After much anticipation, the animated adaptation of Robert Kirkman's Invincible lands on Amazon Prime Video this month. For many, this is their most anticipated superhero project of the decade. For others, this is the first time they're hearing about the series. I only read Invincible for the first time last summer, so if you're new here then allow me to fill you in.
I don’t think I knew anything about Invincible up until about a year ago. Even though I fill my online spaces with comics creators and readers, I never heard anyone talking about this superhero series from the creator of The Walking Dead. But if no one’s talking about it, why did it run for such an insanely long time? Last year I finally decided to sit down, crack open all twenty-five volumes of Invincible, and ask myself: What’s the big deal?
The series starts out as a simple enough superhero origin story with a bit of a domestic spin. Instead of Mark Grayson being an orphan, he’s got a loving mother and a father who just so happens to be one of the world’s greatest superheroes. After Mark comes into his own powers, he dons the name Invincible and begins his own heroic adventures.
The big deal with Invincible is that it stands out among other superhero books as a full blown soap opera. Everyone talks about things like X-Men and Batman being dramatic stories with the occasional fight scene, but Invincible really feels like a long-running story with soap opera elements sprinkled throughout every issue.
I say that Invincible’s dad, Omni-Man, is one of the greatest heroes in the world because he really is just one in an entire superhero universe - and a massive one at that. Similar to Black Hammer, Invincible managed to create a full-blown connected superhero crossover universe with more or less one single ongoing series. There was the occasional spin-off mini-series, but most of the stories involving Mark Grayson and his many, many allies on Earth and throughout the universe all take place within the pages of Invincible.

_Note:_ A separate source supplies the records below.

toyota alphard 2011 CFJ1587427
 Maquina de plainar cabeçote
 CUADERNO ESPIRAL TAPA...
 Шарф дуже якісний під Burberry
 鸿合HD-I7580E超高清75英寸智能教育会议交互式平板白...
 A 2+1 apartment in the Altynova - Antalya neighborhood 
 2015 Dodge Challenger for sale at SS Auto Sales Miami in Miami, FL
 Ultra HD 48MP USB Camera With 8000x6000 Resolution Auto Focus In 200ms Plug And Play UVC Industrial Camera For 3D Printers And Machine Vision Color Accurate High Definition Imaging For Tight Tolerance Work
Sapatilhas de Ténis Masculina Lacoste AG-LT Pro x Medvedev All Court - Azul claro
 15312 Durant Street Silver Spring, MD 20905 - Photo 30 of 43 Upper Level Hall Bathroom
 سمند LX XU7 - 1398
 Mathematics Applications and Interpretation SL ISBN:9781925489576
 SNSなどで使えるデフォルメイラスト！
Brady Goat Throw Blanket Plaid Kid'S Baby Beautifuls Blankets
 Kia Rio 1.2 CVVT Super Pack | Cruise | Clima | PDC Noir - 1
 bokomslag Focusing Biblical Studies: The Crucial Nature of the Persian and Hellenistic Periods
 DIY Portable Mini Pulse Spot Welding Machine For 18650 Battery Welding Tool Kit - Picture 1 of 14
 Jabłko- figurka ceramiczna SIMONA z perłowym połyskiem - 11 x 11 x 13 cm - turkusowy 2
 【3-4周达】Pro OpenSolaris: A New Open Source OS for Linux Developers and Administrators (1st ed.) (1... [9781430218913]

But the extended Invincible cast doesn’t just show up every time Mark needs a hand. There are over thirty characters with their own intricate storylines and character arcs that span over the entire run of the series. The tiniest, randomest thing, such as an alien stowing away on a space shuttle, will happen in one issue and become a huge deal fifteen issues later.
It's always a blast when major characters show up for one page to add more details to whatever plot they’re conspiring only to disappear as soon as they appeared. There’s so much going on that I have no idea how someone kept up with every storyline over the course of the fifteen years that Invincible was running. Binge-reading the complete series is the only way to go.
If you like big, epic superhero universes but don’t know where to start with the Big Two’s convoluted mess, Invincible is Spider-Man, the Justice League, Teen Titans, Guardians of the Galaxy, and Dragon Ball Z all in one book. If that’s not enough to get you interested: the final battle takes place inside of the sun. Go read Invincible.